§ ABOUT THIS TASK
Where the line containing "CBI/Prinsu TOYOTA TACOMA" appears in the records below, begin there and repeat each line exactly through the final one, dropping all pictures.

[Captioned web image data]
----------------------------------------

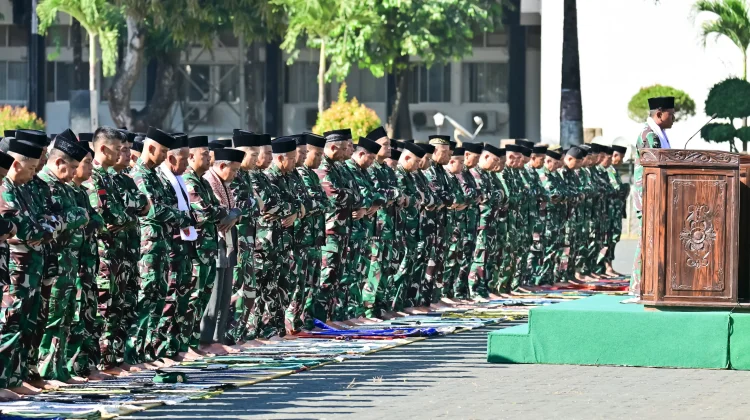 Hadapi Cuaca Panas, Kodam Hasanuddin Gelar Istisqa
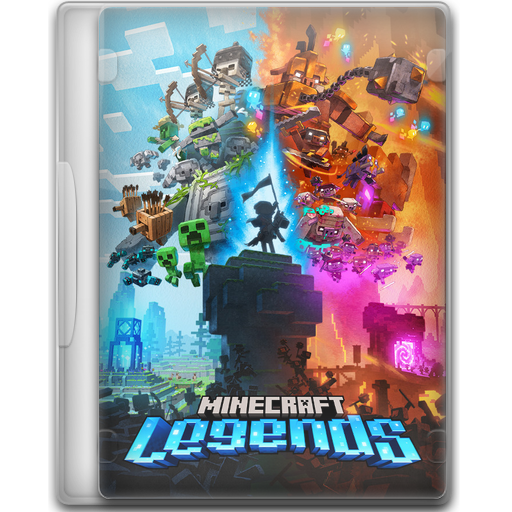 Minecraft Legends icon by MrDark28 on DeviantArt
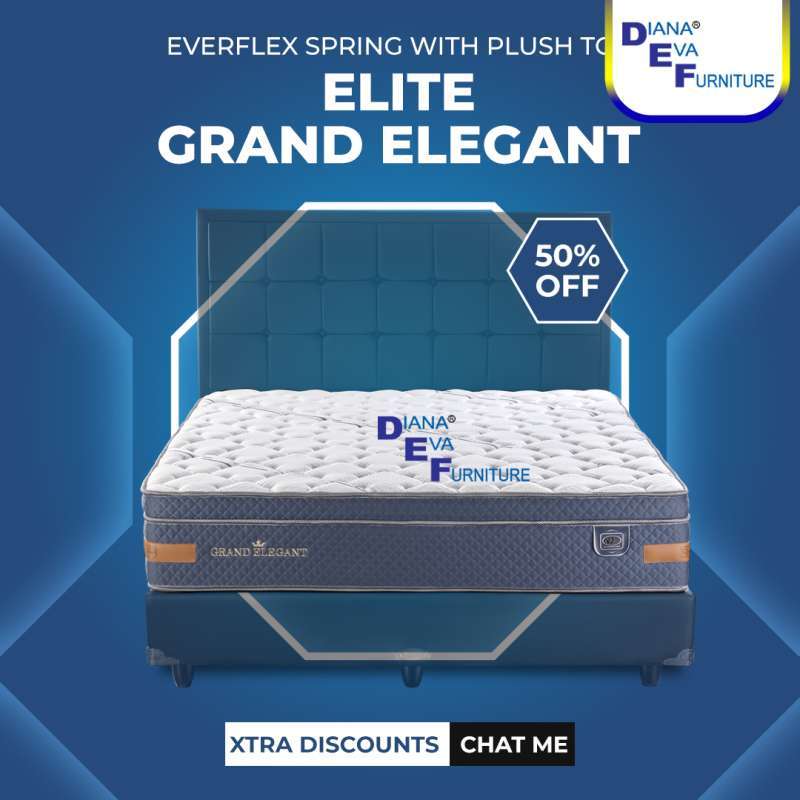 Jual Elite Grand Elegant Kasur Springbed Di Seller Diana Eva Furniture Store Official Store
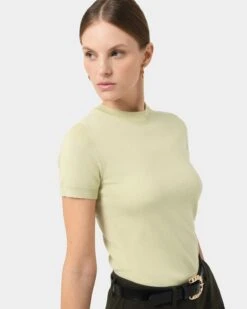 Catherine Short Sleeve Knit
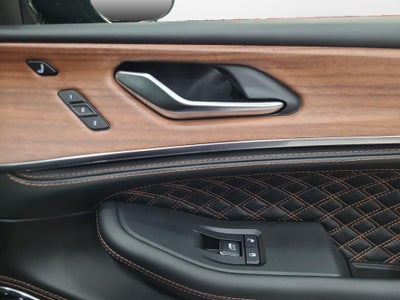 2027 Jeep Grand Cherokee GRAND CHEROKEE SUMMIT 4X4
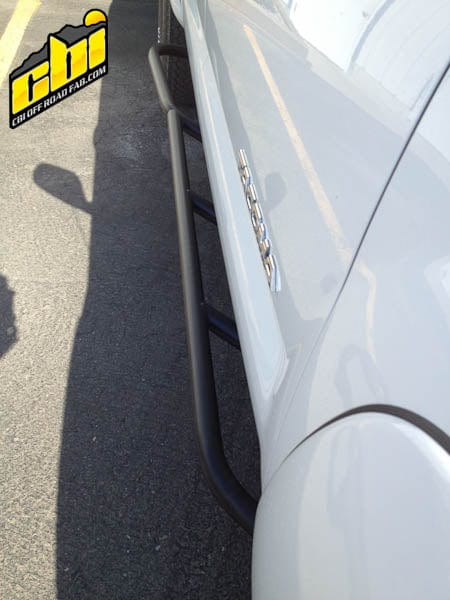 CBI/Prinsu TOYOTA TACOMA TRAIL BOLT-ON ROCK SLIDERS | 2005-2015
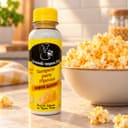 Tempero para Pipoca Sabor Queijo Karpinski — com pipoca preparada em tigela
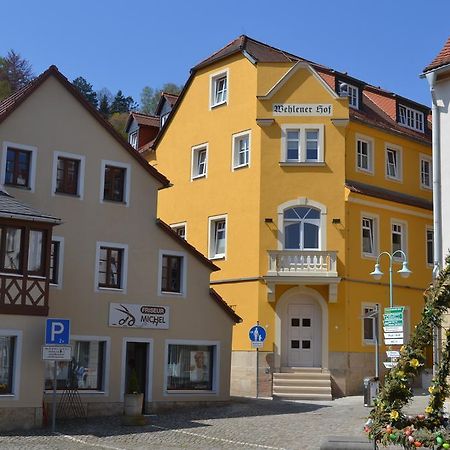Hotel Wehlener Hof Stadt Wehlen Luaran gambar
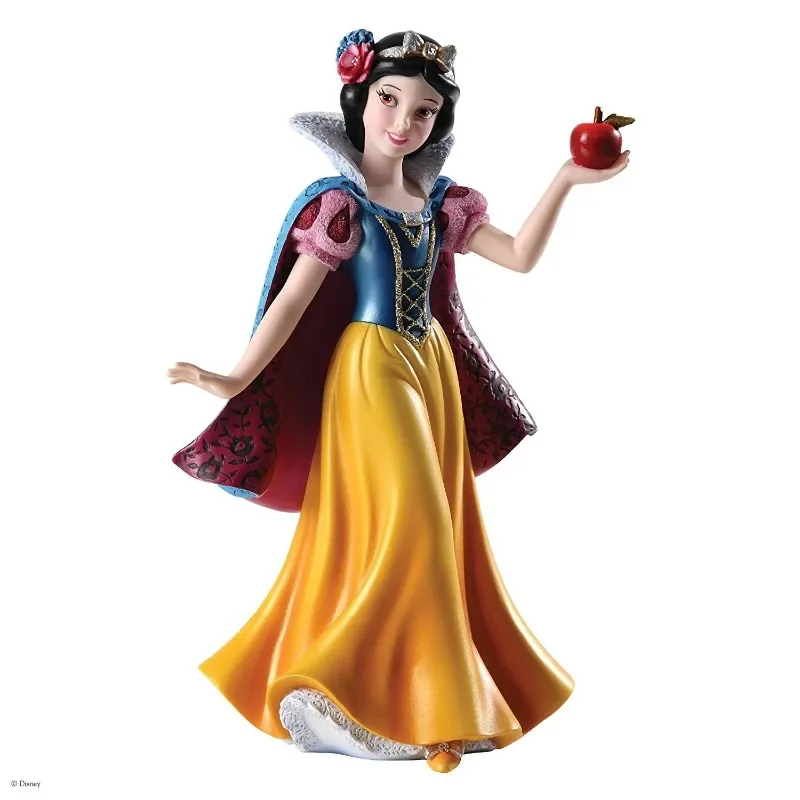 Figurine Disney la reine des neiges raiponce Jasmine blanche-neige, jouet en résine, ornements, poupée, décoration de salle, modèle d'action Anime, cadeau pour enfants, 20cm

----------------------------------------

§ EXERCISE RESPONSE
 CBI/Prinsu TOYOTA TACOMA TRAIL BOLT-ON ROCK SLIDERS | 2005-2015
 Tempero para Pipoca Sabor Queijo Karpinski — com pipoca preparada em tigela
Hotel Wehlener Hof Stadt Wehlen Luaran gambar
 Figurine Disney la reine des neiges raiponce Jasmine blanche-neige, jouet en résine, ornements, poupée, décoration de salle, modèle d'action Anime, cadeau pour enfants, 20cm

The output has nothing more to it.